For the last few days the cows grazed in front of the family cemetery. This was a thick stand of bermudagrass with cowpeas, millet and a few other things mixed in. There was also a mowed path to the cemetery gate. In fact, it looked like this about 6 weeks ago:
One of our goals in using cattle for rotational grazing is to cover, protect and feed the soil with litter. This keeps the soil cooler and traps more moisture than just bare ground. Where is the litter going to come from in the foreground? It ain’t. I mean, you would think some portion of the grass clippings would stick around and blanket the ground but there just isn’t enough mass…the soil biota eat through it too quickly.

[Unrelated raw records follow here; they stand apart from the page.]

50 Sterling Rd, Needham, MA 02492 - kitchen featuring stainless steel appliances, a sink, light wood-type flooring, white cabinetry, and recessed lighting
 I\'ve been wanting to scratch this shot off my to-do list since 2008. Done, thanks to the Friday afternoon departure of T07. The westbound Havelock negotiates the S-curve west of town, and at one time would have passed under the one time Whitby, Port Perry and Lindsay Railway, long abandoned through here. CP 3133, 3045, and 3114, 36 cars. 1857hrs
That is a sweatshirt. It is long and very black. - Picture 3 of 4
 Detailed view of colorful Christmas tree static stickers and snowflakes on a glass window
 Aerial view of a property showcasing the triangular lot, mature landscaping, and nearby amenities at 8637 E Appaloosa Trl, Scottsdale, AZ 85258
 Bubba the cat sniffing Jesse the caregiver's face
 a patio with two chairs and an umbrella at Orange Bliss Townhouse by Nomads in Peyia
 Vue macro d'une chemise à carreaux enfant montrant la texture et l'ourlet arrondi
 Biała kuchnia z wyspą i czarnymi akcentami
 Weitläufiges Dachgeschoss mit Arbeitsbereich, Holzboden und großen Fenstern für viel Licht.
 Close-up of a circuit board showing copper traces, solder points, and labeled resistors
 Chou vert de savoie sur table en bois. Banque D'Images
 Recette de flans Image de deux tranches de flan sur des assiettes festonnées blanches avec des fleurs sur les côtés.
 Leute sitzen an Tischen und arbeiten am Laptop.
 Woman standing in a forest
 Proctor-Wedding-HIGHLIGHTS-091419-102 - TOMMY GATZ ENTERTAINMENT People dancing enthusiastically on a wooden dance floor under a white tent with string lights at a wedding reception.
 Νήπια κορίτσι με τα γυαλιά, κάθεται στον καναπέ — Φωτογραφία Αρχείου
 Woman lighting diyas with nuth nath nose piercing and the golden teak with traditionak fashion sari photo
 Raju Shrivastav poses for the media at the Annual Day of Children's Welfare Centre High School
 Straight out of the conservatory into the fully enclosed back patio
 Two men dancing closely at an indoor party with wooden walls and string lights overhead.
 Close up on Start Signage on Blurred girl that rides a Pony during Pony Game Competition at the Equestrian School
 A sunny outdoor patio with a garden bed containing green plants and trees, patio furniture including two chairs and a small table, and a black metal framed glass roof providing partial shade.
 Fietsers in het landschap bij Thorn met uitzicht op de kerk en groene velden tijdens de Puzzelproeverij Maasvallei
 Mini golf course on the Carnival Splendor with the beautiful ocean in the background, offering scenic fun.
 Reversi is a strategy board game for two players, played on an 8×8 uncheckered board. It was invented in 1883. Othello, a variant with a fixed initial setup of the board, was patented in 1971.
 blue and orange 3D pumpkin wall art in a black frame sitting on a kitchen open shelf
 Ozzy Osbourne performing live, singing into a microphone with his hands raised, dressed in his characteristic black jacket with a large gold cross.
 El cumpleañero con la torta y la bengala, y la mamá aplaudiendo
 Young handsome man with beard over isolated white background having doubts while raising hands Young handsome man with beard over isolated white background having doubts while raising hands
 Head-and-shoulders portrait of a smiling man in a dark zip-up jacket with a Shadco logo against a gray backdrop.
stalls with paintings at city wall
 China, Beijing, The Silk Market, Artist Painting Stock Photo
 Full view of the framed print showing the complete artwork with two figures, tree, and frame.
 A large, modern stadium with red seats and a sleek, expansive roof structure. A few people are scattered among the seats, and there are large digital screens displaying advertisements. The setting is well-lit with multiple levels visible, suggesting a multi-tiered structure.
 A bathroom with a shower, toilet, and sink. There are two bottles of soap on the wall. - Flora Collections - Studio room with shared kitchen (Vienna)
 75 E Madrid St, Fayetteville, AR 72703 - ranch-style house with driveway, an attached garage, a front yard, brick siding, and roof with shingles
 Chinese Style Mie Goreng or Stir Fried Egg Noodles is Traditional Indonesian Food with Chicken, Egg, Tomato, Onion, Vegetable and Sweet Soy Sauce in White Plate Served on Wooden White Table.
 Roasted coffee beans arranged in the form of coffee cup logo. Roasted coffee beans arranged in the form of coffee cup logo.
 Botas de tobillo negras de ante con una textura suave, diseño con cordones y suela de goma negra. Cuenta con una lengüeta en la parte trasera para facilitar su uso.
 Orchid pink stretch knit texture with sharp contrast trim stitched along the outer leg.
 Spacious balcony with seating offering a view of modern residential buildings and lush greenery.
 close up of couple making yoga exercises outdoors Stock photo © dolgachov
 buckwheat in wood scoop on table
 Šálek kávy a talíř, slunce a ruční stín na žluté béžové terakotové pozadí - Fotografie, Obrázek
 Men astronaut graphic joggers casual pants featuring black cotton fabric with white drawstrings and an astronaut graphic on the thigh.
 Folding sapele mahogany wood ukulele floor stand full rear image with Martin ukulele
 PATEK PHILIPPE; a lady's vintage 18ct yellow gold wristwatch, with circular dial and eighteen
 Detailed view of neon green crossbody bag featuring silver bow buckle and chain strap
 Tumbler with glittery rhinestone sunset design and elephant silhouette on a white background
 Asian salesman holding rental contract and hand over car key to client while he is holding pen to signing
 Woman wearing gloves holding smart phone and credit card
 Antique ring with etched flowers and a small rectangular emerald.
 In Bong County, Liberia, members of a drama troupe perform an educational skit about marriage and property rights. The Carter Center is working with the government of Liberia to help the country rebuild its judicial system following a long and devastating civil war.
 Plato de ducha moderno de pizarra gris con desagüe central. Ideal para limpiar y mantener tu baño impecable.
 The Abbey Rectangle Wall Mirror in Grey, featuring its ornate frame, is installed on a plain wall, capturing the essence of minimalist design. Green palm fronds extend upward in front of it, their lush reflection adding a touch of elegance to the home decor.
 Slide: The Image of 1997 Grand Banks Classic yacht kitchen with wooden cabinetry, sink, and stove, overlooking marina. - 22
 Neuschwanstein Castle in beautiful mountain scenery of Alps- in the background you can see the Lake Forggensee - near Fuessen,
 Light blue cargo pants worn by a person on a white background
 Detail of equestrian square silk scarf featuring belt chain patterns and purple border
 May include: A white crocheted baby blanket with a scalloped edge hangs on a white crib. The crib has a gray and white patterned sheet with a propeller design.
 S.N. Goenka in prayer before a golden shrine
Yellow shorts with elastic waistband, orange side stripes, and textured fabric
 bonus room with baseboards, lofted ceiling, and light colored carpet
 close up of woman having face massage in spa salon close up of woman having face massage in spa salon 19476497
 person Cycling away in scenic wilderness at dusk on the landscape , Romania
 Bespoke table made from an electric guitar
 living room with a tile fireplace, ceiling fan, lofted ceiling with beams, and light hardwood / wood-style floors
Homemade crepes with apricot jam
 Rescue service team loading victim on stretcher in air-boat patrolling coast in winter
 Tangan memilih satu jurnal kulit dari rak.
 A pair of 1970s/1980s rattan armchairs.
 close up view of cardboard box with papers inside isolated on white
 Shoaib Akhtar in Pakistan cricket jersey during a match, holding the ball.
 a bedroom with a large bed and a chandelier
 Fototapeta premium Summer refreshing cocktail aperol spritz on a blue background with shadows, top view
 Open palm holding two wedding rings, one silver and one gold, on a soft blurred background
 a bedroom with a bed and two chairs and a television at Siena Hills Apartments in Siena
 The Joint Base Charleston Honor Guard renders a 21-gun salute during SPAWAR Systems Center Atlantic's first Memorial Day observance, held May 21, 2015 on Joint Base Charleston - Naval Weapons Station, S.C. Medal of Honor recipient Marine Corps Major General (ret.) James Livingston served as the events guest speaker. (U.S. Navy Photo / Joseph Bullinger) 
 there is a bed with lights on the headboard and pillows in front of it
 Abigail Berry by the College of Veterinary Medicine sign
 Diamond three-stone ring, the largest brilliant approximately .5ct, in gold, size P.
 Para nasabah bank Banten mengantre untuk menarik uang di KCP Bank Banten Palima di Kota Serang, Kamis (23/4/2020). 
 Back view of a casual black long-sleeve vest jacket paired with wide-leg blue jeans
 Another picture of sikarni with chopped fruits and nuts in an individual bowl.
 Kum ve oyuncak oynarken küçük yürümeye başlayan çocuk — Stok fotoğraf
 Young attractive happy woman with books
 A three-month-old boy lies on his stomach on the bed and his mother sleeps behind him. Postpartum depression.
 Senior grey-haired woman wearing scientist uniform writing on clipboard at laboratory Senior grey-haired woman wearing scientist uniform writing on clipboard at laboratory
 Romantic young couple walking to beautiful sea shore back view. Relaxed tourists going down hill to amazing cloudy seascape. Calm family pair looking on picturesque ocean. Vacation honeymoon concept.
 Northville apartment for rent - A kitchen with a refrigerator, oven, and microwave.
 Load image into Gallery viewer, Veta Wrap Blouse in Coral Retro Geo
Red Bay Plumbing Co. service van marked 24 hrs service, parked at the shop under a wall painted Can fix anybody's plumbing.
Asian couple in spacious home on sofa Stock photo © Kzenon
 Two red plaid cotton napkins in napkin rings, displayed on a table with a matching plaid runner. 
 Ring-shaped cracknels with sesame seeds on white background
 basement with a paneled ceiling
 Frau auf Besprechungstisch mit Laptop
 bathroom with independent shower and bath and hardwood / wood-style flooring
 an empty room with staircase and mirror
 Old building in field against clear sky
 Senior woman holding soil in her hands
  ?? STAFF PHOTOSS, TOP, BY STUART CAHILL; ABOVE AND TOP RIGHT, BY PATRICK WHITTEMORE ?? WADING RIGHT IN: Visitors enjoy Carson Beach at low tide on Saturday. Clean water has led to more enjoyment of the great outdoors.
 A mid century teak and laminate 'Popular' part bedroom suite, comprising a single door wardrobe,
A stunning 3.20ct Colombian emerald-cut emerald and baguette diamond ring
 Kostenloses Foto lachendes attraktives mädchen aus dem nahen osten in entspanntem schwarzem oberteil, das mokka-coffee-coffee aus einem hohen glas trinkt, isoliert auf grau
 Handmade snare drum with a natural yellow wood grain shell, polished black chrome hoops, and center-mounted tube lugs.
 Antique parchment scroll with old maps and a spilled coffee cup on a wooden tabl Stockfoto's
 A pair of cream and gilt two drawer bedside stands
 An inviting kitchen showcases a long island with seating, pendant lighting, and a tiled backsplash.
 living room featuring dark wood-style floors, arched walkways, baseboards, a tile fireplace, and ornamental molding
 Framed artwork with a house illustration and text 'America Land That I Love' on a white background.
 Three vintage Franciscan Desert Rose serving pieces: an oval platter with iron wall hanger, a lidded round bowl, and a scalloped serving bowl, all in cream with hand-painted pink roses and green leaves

So the cows grazed it. Here’s what the mowed area looks like now:
Not much for litter covering the soil. The cows ate it right down to the nubbins…horses would have eaten it to dirt. But the rest of the pasture looks pretty good.
We had them packed in pretty tightly and we got good trampling and manure coverage.
Again, there is very little left where the pasture had been mowed (a necessity for cemetery access). That area will be a little slower to recover. I expect the trampled grass to come back quickly…in time for fall grazing. Hopefully we’ll get to graze it twice more this year.
Most of the neighbor’s pastures look like the foreground in this picture…except they also have clumps of weeds. If they don’t they have been mowed. From the road they look OK just like this picture looks OK. It’s only when you go in close to investigate that you realize how damaging it is. Hot, baked, dead earth is not conducive to future grass crops.